Friday, March 04, 2016

ANGLOGOLD SUED $6.5M OVER NEGLIGENCE

By William Yaw Owusu
Friday, 04 March 2016

The family of a deceased employee of Anglogold Ashanti is suing the mining giant for negligence.

The plaintiffs which include Joyce Baffour, wife; and Akosua Abrafi, mother, are claiming $6.5 million from Anglogold over the death of George Emil Baffour, who was an engineer of the company.

In their suit before the Labour Division of an Accra High Court, the plaintiffs claim that negligence on the part of Anglogold Ashanti led to the death of Enimil Baffour, who left behind three infant children.

They are therefore claiming special damages of the cedi equivalent of $6,500,000.00 for the loss of the late engineer, as well as general damages for alleged “mental distress, consortium, loss of love companionship, comfort, affection, society, solace and moral support.”

The plaintiffs also claimed “an amount equivalent to 60 month’s earnings of the deceased under the Workmen’s Compensation Act of 1987.”
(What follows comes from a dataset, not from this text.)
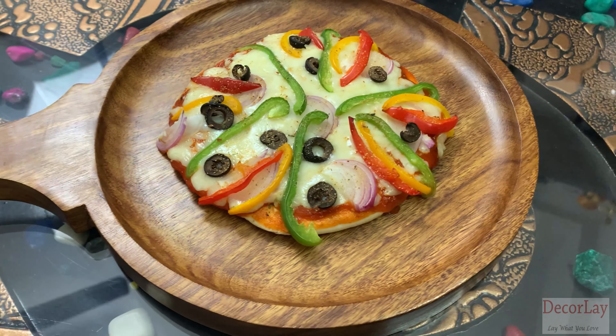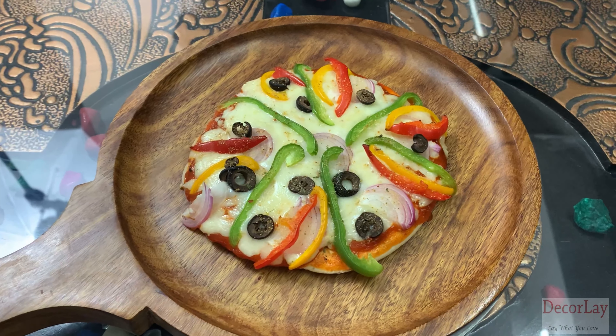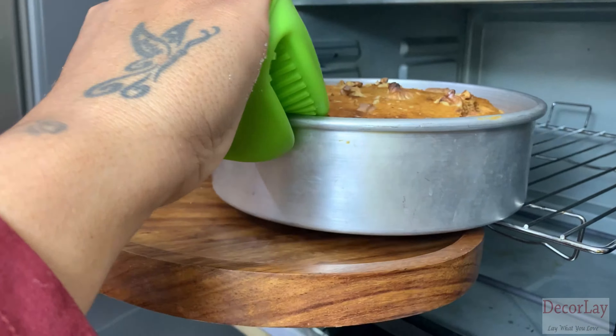Dekorli presents to you this beautiful brown color round pizza pan. This premium item is beautiful and intricate in the level of detail. This beautiful shisham pizza pan is part of Dekorli's premium shisham collection. This is high quality, unvarnished and smooth polish with food safe finish.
In their statement of claim filed late last month, the plaintiffs averred that the deceased was retrenched on October 31, 2014 and re-engaged on November 14, 2014 for one year in his capacity as mechanical engineer attached to Anglogold’s Feasibility Study (Engineering) Department at the Obuasi Mine.

They claimed that on October 22, 2015, the deceased was selected as part of a team of Anglogold Ashanti Ghana and Randgold Resources Limited that had entered into investment agreement to redevelop the Obuasi Mine to go underground in a conveyor attached to Anglogold’s Adansi Underground Mine at Obuasi.

According to the plaintiffs, Anglogold officials telephoned Joyce Baffour, wife of the deceased at about 11:00 am on October 22, 2015 to inform her that her husband had been involved in a fatal accident in the underground mine.

The plaintiffs claimed that it took about seven hours before the deceased lifeless body was retrieved and deposited at Anglogold Ashanti Hospital morgue.

They claimed that a police and an autopsy report later revealed that the engineer died when their conveyor submerged, and the autopsy report identified the cause of death as “asphyxia” due to drowning.

According to the plaintiffs, the engineer died “by reason of the negligence and/or breach of duty on the part of the defendant, its servants, agents and assigns.”